Als ich tot war (English: When I Was Dead) is a 1916 German silent comedy film in three acts written and directed by and starring Ernst Lubitsch. The film premiered under the censored title Wo ist mein Schatz? (English: Where Is My Treasure?).

==Plot==
Despite the protests of his wife Louise and his unpleasant mother-in-law, Ernst spends the evening at a chess club. Revenge follows when he returns home at night: his mother-in-law has chained the door, and Ernst is therefore not allowed into the apartment. He undresses in the stairwell, where he spends the night, but his mother-in-law steals his clothes. The next day, a resident flees at the sight of him – the clothes he had covered himself with the night before are gone. Back at the apartment, Ernst is chased away by his mother-in-law. Since his wife also informs him in writing that one of them must leave the apartment forever, he decides to fake suicide: in a letter to his wife, he writes that he will kill himself, and leaves the apartment. He then enjoys his newfound freedom, but soon grows weary of it.

Louise and his mother-in-law, believing Ernst is dead, place an ad for a servant, and Ernst, who reads the ad in the newspaper at his club, applies for the position. Together, they promptly hire Ernst in disguise. The mother-in-law applies to a marital agency to find her daughter a new husband. Ernst uses all sorts of tricks to scare Louise's new suitor out of the house. Finally, he reveals himself to the grieving Louise, after he has chased away his mother-in-law, and a happy ending ensues.

==Cast==
- Ernst Lubitsch – Ernst, the husband
- Louise Schenrich – Louise, the wife
- Helene Voss (as Lanchen Voss) – the mother-in-law
- Julius Falkenstein – Louise's suitor

==Production==
Als ich tot war was criticised by the censors in December 1915: it was banned from youth screenings and had to be renamed to the innocuous title Wo ist mein Schatz? (English: Where Is My Treasure?) under which it premiered on 25 February 1916.

==Critical reception==
Critics classified Als ich tot war as a farce and described the film as a "splendid comedy": "Lubitsch plays this role in such a droll way that you practically can't stop laughing."

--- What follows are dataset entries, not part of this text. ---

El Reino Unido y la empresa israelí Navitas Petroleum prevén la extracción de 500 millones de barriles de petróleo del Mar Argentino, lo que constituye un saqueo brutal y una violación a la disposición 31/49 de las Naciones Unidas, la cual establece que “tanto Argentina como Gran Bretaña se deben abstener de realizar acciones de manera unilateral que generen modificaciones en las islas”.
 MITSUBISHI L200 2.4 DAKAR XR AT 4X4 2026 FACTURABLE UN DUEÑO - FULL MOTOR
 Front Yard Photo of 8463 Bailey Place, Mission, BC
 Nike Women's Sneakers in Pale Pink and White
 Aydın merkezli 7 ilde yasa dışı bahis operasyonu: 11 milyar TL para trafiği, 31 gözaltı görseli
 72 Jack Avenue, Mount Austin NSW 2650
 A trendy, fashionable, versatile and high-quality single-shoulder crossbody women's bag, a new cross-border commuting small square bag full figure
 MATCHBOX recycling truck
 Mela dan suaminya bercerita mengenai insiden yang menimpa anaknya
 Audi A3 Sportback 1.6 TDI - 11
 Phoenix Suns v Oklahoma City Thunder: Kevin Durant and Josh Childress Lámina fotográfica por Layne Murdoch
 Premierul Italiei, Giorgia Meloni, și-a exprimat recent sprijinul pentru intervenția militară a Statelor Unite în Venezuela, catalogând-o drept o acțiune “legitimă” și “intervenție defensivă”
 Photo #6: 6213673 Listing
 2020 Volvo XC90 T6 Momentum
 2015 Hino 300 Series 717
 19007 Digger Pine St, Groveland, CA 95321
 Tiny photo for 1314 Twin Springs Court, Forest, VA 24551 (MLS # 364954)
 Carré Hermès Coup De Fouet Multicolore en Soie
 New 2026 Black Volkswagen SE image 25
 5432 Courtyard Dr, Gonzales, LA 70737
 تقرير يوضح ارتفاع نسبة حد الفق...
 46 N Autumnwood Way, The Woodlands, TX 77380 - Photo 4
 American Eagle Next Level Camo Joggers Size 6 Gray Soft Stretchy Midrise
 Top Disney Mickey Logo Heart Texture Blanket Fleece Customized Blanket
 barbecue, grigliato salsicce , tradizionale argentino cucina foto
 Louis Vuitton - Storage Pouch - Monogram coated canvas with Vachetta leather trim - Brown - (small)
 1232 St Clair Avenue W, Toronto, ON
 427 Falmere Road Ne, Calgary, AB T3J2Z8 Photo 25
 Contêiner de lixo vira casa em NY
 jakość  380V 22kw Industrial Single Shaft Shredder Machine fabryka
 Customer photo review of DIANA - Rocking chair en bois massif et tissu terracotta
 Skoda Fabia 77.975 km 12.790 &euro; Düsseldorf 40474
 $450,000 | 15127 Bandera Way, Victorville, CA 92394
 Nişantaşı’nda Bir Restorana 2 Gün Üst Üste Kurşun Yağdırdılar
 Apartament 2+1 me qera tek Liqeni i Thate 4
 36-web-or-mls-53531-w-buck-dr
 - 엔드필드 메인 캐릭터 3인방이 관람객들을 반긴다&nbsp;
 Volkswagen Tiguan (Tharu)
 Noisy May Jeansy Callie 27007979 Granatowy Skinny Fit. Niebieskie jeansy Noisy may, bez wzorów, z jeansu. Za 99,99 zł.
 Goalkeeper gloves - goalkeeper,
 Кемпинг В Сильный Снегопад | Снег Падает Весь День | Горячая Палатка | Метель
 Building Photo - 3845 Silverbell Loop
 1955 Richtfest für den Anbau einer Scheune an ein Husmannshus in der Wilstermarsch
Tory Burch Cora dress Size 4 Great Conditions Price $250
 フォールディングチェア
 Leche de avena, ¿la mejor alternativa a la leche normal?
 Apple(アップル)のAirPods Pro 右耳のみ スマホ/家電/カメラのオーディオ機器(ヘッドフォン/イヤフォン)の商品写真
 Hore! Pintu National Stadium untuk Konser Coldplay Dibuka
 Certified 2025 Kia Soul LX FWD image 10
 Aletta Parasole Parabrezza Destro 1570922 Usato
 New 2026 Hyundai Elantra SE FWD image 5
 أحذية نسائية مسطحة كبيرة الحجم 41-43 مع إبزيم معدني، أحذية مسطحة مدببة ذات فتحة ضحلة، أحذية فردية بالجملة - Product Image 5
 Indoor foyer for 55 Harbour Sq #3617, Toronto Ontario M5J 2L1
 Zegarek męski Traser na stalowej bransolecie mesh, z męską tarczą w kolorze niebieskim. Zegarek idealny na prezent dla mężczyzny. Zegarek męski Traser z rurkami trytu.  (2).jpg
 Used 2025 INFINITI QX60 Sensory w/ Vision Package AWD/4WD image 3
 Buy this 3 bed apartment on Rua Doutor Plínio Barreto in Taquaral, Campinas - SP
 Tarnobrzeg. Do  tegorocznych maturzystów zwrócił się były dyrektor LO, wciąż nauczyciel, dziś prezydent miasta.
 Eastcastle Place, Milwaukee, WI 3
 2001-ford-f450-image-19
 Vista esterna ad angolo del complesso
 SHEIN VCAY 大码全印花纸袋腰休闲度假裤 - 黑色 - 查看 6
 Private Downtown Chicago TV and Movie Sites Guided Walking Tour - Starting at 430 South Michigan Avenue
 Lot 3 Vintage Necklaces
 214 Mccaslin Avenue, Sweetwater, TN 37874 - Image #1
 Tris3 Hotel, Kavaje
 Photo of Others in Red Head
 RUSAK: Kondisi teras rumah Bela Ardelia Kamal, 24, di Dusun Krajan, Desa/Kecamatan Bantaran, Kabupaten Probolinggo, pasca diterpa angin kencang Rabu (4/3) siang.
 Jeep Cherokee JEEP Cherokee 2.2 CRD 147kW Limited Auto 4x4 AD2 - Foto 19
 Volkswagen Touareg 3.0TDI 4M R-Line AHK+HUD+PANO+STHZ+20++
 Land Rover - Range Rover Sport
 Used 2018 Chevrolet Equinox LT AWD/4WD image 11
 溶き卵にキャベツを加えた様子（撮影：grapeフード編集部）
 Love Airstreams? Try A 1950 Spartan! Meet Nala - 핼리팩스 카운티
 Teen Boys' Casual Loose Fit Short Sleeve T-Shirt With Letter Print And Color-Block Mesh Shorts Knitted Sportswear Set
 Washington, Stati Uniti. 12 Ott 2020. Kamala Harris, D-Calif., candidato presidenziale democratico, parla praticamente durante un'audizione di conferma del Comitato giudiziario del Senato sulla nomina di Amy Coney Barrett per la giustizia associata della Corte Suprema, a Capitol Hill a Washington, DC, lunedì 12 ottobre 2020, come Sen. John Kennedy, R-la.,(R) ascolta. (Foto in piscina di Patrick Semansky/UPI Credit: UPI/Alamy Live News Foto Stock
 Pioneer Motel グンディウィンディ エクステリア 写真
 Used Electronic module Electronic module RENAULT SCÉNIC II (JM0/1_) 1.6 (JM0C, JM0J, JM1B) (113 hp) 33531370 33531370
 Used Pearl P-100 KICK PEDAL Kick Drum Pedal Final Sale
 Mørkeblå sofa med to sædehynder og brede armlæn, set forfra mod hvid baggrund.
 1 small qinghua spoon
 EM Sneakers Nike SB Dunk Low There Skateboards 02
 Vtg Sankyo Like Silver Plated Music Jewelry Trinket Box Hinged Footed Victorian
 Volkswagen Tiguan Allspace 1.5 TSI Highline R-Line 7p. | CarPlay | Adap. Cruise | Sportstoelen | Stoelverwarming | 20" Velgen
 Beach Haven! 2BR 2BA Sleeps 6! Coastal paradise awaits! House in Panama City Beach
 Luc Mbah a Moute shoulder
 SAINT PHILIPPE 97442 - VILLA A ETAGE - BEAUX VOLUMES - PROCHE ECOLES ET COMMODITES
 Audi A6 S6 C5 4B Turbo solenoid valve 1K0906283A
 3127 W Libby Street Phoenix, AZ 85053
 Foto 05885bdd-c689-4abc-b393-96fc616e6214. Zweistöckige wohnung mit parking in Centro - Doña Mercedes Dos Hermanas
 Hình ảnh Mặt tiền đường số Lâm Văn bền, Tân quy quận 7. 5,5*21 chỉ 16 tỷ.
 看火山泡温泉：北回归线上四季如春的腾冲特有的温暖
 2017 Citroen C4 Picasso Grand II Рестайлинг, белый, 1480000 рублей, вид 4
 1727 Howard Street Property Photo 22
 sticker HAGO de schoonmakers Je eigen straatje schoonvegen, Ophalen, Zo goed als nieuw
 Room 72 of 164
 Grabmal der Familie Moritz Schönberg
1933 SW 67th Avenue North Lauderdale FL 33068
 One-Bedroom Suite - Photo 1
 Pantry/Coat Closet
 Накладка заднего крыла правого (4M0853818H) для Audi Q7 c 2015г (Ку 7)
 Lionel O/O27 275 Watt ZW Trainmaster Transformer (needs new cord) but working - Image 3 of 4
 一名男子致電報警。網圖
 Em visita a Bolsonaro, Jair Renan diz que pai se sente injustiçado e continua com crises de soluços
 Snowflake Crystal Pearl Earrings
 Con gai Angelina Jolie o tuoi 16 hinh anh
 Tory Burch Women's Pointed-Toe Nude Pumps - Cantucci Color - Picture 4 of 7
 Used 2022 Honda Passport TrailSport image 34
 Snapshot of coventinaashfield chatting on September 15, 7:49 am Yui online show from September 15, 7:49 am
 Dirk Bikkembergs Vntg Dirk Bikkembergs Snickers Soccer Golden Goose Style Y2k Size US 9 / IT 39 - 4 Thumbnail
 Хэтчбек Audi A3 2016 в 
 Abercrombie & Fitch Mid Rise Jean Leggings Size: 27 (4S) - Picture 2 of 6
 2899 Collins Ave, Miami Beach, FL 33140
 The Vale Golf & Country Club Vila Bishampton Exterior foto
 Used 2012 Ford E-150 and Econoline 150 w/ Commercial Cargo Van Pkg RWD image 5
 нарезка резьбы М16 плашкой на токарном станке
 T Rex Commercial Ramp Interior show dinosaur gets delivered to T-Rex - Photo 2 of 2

In 1947 Lubitsch viewed his part as his first attempt at a serious leading role which, as he recalls, was a failure with the audience:
Like every comedian, I longed to play a straight leading man, a sort of a bon vivant role. So together with my collaborators, I wrote a screenplay, called Als ich tot war. This picture was a complete failure as the audiences were unwilling to accept me as a straight leading man.
— Ernst Lubitsch, 1947

==Survival status==
The film was considered lost until the 1990s. In 1978, Robert L. Carringer and Barry Sabath suspected that Als ich tot war was identical to the 1915 silent film Wie ich ermordet wurde (English: How I Was Murdered) by Louis Ralph, but by the 1980s this was no longer considered to be true, partly due to various censorship dates.

At the beginning of the 1990s, an almost complete copy of Als ich tot war was finally found in the Slovenska Kinoteka (Slovenian Cinematheque) in Ljubljana, Slovenia, and was shown for the first time in 1995 at the silent film festival in Pordenone. A portion of the first act is missing, as is the ending with the reconciliation between Ernst and Louise. This tinted version of the film, which is now being shown again under the title "Als ich tot war", is Lubitsch's earliest surviving film.

==Home media==
In 2014, the film was released on dual format Blu-ray and DVD as part of the Masters of Cinema series, accompanying Madame Dubarry (1919).